DL: Yeah, and you can’t do that with just anybody. That’s what makes him so special. We talk about it with Keanu like that’s nothing, but we kind of abused him a bit. (laughs)
CS: Yeah, we definitely took advantage of that and used it. (laughs)
DL: But we trained him like that! (laughs)
CS: It’s a great ability to have on a movie like this where the budget was smaller. We didn’t have a lot of time to shoot. Sometimes we only got locations two days before we were supposed to shoot in them. The choreography always had to be adjusted. On big budget movies, the sets are built, and the locations have been scouted to death, and you have choreographed everything to fit the location, and you have gone back to build a mock-up of that location so you could train the actors on the choreography.

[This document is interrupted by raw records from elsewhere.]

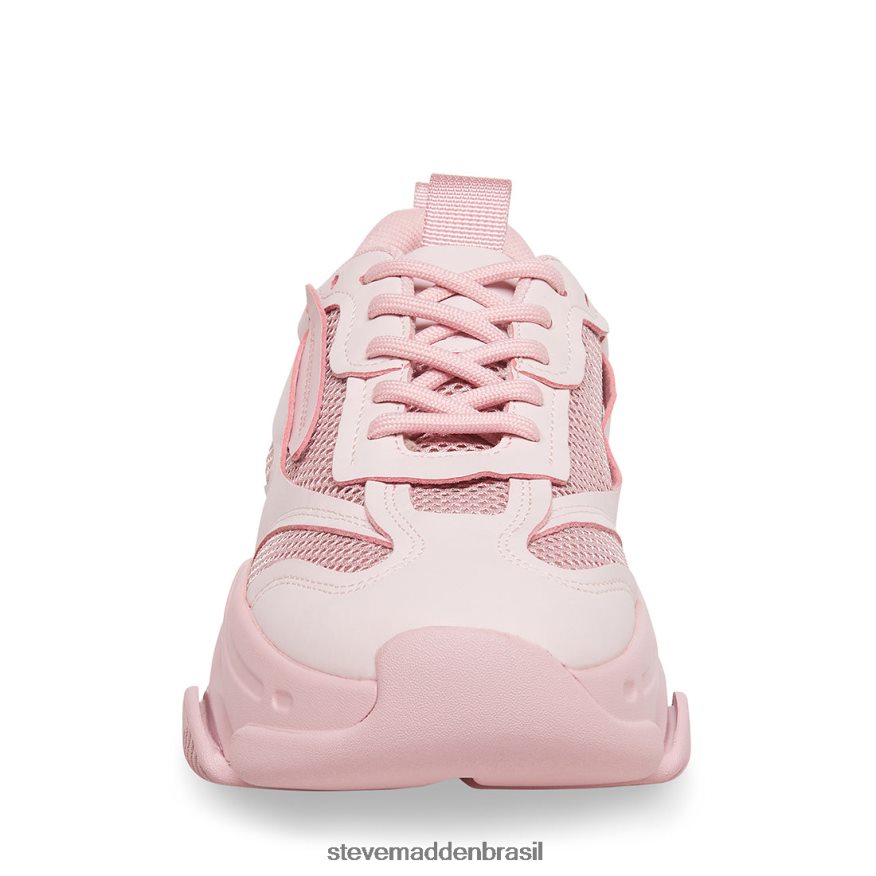 calçados rosa empoeirado mulheres Steve Madden posse ZTFPZH242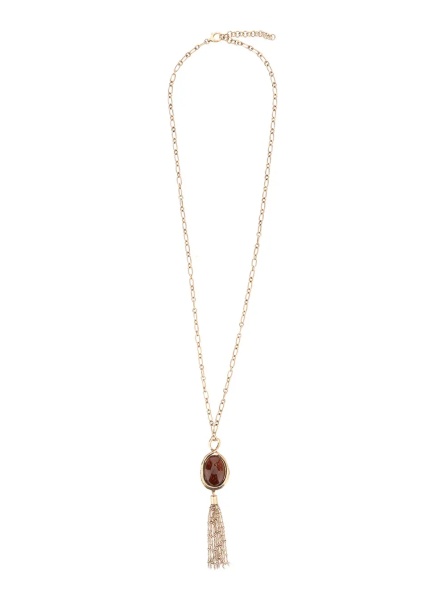 Coliere Invogliato Necklace with metal and copper details, unisex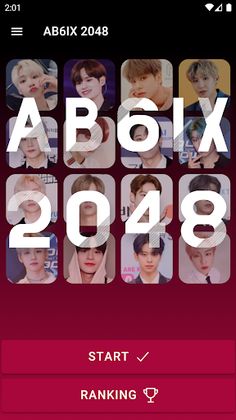 AB6IX 2048 Game - Screenshot 1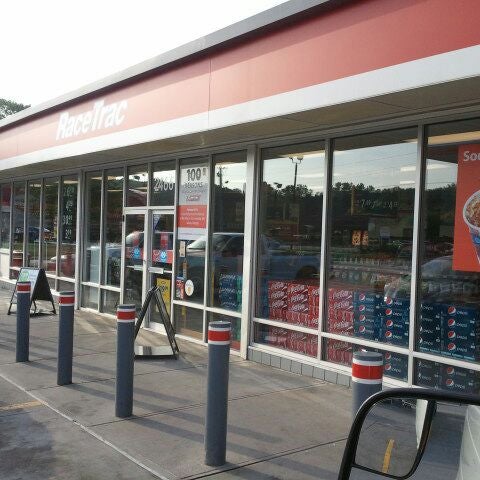 Photo taken at RaceTrac by Cassandra B. on 5/23/2012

We did not have any of that luxury, so Keanu had to be responsive and flexible in what we were designing. We were confident in that space and in Keanu, but we just had to sharpen his tools.
DL: He would ask, “Is this the fight I’m learning?” And I’d say, “ABSOLUTELY… kind of…” (laughs) “Great, so when are we shooting it?” “We’re just waiting on you, we’re lit, ready to go, and we have to do it now!” Those were typical exchanges. (laughs)
One of the things that we talk about is how on most films directors will hand things off to a stunt or action coordinator, but very few of them will go out, put on a pair of sweatpants, and learn what we’re training the rest of their cast. Fortunately, we’re both still in the physical condition where we can do that. We’re nowhere near the shape as Keanu’s in (laughs), but we did the same training and learned the same skill sets so it’s easier to interpolate that on camera and in the moment.
DS: Was it important for you guys to push yourselves to try things that you have never tried before in terms of the action, or was that a necessity of having a lower budget?
DL: I mean, you definitely think in terms of strengths and weaknesses, for sure, but here you also have to look out for conditions and limitations, not just ours but finances, logistics, and what your cast and crew can take. We have a lot of experience in doing that from doing second unit stuff because you’re always expected to do twice as much with half the money and resources.
But with ourselves, it’s more that you have to think differently. It’s not about getting it good, it’s about getting it great. It’s not about what the cool action sequence is, but does it fit the story or move the characters? If you can think in those terms of big directing versus action directing, that’s probably the biggest step you have to make.
DS: You guys are the quarterbacks for this film, so it seems like more of a pleasing challenge since second unit work doesn’t often get much credit for what they do.
DL: But, I mean, in a way that’s also one of the benefits of second unit directing, too. A movie could do good or do bad, as long as we deliver, and help out the studio, and deliver a great action sequence, and you help the film get made, you get more of a foreman position than the inventor position. By that same token, the anonymity is a great plus, you know? It’s a good living. It’s a great job. You get to travel all over the world, and you can jump to a lot of different genres and shows. One day you’re in Africa riding elephants. The next day you’re doing blue screen. The next day you’re shooting a car chase in Toronto. You never know what it holds.
It’s not as thankless as you’d think, but you don’t get as much credit as the first unit, but if you work on the first unit you have to be prepared to get blamed or thanked for everything. Both are good. This are nice, though.